The debate over Section 401 of the Clean Water Act made its way to the Supreme Court earlier this year after Republican-led states asked judges to overturn a federal judge’s decision that had blocked the rule Trump while the Biden administration worked to replace her.
In a short order issued through the Supreme Court’s emergency roll, five members of the conservative wing agreed to revive the Trump rule, which dismantled about 50 years of precedent for how states, tribes and the federal government had addressed water quality certifications. They did not explain their reasoning (green wireApril 6).
Four justices made their frustrations known, with Chief Justice John Roberts joining in dissenting Justice Elena Kagan denouncing the order as an abuse of the court’s emergency – or “shadow” – role.
The underlying question of the legality of the Trump rule now rests with the 9th U.S. Circuit Court of Appeals, which is considering whether Senior Judge William Alsup of the U.S. District Court for the Northern District of California erred last year when he concluded that the settlement violated decades of Supreme Court precedent.
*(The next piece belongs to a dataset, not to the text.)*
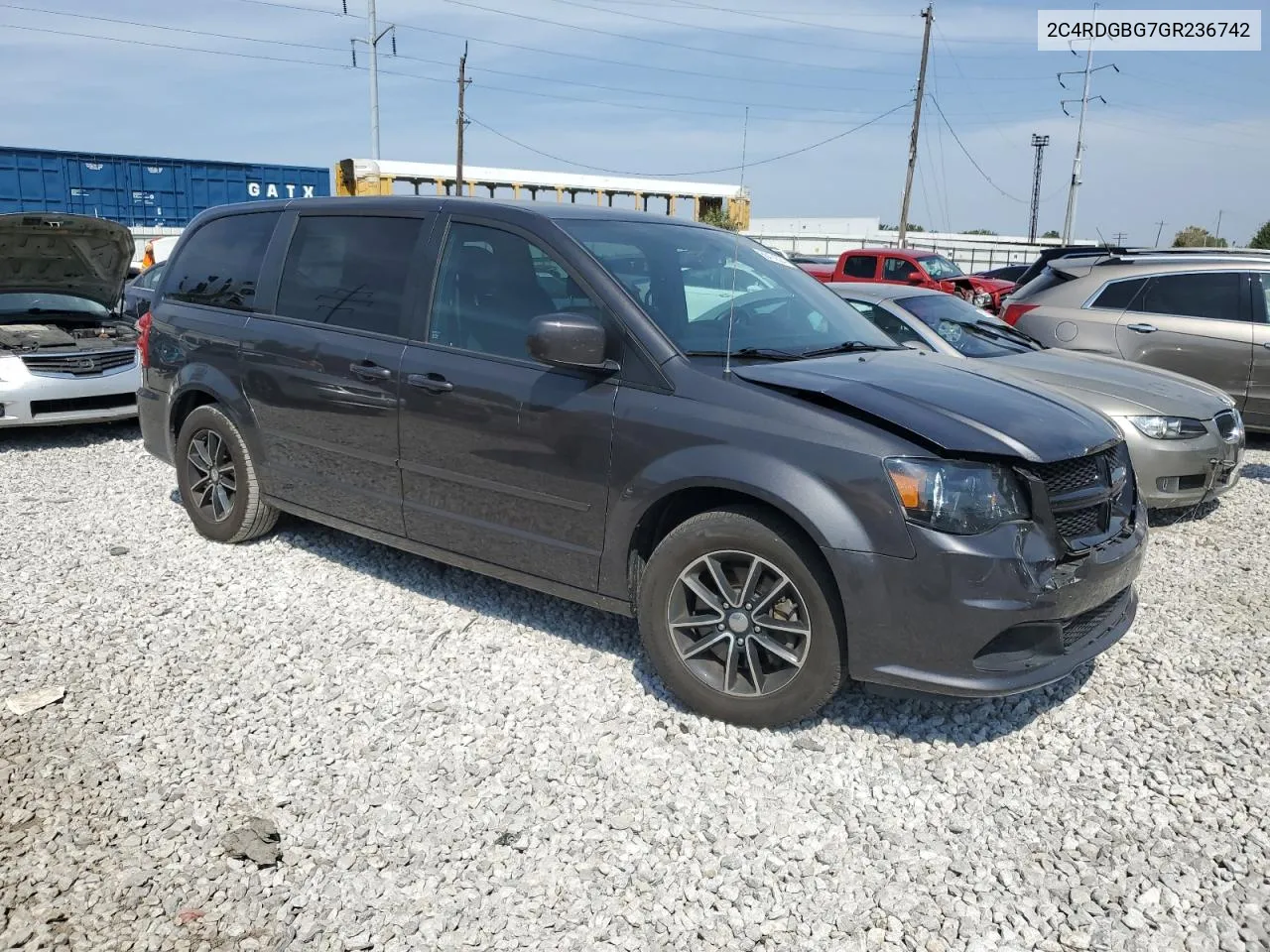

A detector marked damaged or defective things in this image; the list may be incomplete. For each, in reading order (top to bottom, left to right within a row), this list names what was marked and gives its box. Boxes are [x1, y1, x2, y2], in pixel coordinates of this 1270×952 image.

broken headlight lens [1127, 416, 1204, 444]
broken headlight lens [883, 459, 1031, 537]
damaged front bumper [823, 500, 1153, 700]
Alsup, a Clinton appointee, cited the 1994 court ruling in Jefferson County Public Utility District No. 1 v. Washington Department of Ecologywho said states could require federally approved hydroelectric projects to maintain minimum stream flow, even though this issue is not directly addressed in the Clean Water Act (green wireOctober 25, 2021).
The EPA referenced this decision in its fact sheet today.
“This approach restores the broader, more environmentally protective scope that the Supreme Court affirmed in 1994,” the agency wrote.
The issue of the timing of state and tribal water certifications has also come under legal scrutiny.
In a 2019 case, for example, the United States Court of Appeals for the District of Columbia Circuit faulted California and Oregon for engaging in a program to reset the clock on dam permit renewal approvals, rather than handing over the decision to the Federal Energy Regulatory Commission. (green wireJanuary 25, 2019).
The Supreme Court later declined to review the DC Circuit’s decision.